Although the causative role of BK virus in these tumors is debated, studies have demonstrated the oncogenic role of BK virus in vivo with animal models, identifying viral T-Ag protein as a likely culprit.^12,13 The T-Ag protein, produced by both SV40 and BK virus, binds to and inactivates pRB and p53 proteins involved in cell cycle control.^8,14 This hypothesized mechanism of oncogenesis is supported by the findings in our tumor. Staining for SV40 and overexpression of p53 is limited to the carcinoma, including carcinoma in situ component, with the background normal urothelium showing no SV40 staining or p53 overexpression. A similar pattern of SV40 positivity with or without accompanying aberrant p53 has been reported in several other BK virus-associated tumors.^1,7,14,15 Of note, the SV40 positivity is maintained in the lung metastasis as well, as also noted in some other reports.^8,16 Further, NGS did not identify a TP53 mutation in our tumor, strengthening the argument that virus-derived T-Ag is causing the abnormal expression of p53. This supports the hypothesis that BK virus is playing a role in driving tumor cell division in these tumors, not merely indiscriminately infecting background cells that may randomly undergo tumorigenesis via an unrelated process.
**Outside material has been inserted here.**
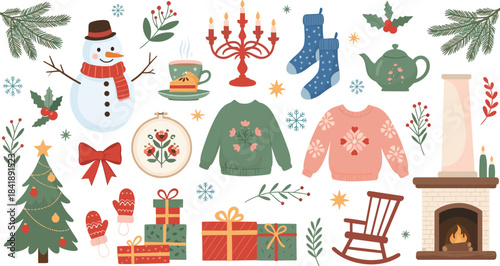 Winter holiday cozy elements, festive home decor, Christmas fireplace, seasonal warmth, gift boxes, snowman, flat vector illustration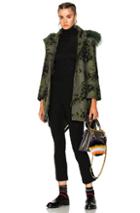 Fendi Wool Illusion Coat With Detachable Fox Trim Hood In Green,abstract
Although the utility of SV40 IHC for identifying viral involvement has been called into question by some, particularly 1 study examining gastrointestinal tumors, ¹⁷ SV40 (T-Ag) IHC positivity in the context of posttransplant urinary tract carcinomas in immunosuppressed patients is highly concordant with actual BK viral integration into the tumor genome. ¹⁴

As seen in our patient, TERT promoter mutations have been reported in many BK virus-associated carcinomas.^14,15 HER2 amplification has also been reported. ¹⁵ Initially, this may be unsurprising since TERT promoter and HER2 mutations are common in urothelial carcinomas generally, alongside TP53, PIK3CA, TSC1, FGFR3, and HRAS mutations. ¹⁸ However, it is notable that, as in our case, these mutations frequently occur in isolation or with few associated pathogenic/likely pathogenic mutations.^14,15 On average, BK virus-associated carcinomas have fewer mutations identified per a tumor versus comparable non-BK virus-associated tumors.^14,15 In a small comparison of 30 urinary tract carcinomas (8 BK virus-associated carcinomas in immunosuppressed patients, 4 non-BK virus-associated carcinomas immunosuppressed patients, and 18 carcinomas non-immunosuppressed patients), Sirohi et al. found that non-BK virus-associated carcinomas demonstrated 2 to 4 times as many pathogenic/likely pathogenic mutations per tumor on average compared to the less complex genetic alterations of BK virus-associated carcinomas. ¹⁵ This may further support the assertion that T-Ag is directly interfering with tumor suppressor proteins to drive tumorigenesis, compared to traditional tumors, which result from a culmination of oncogenic mutations.

In conclusion, BK virus-associated carcinoma arising in the allograft in kidney transplant recipients is uncommon. However, the growing number of reports describing this entity raises the possibility that this entity is more common than previously thought and may even go undetected and be underreported in immunosuppressed populations. Latent BK virus infection in urinary epithelium is known to be reactivated in immunosuppression, causing nephropathy and other diseases. It is hypothesized that reactivation of BK virus may also lead to tumorigenesis driven largely via T-Ag protein inactivation of pRB and p53 proteins. Fortunately, most patients with BK virus-associated carcinomas arising in the allograft respond well to allograft nephrectomy and cessation of immunosuppression, and immunotherapy may be a good option for the smaller subset of refractory cancers.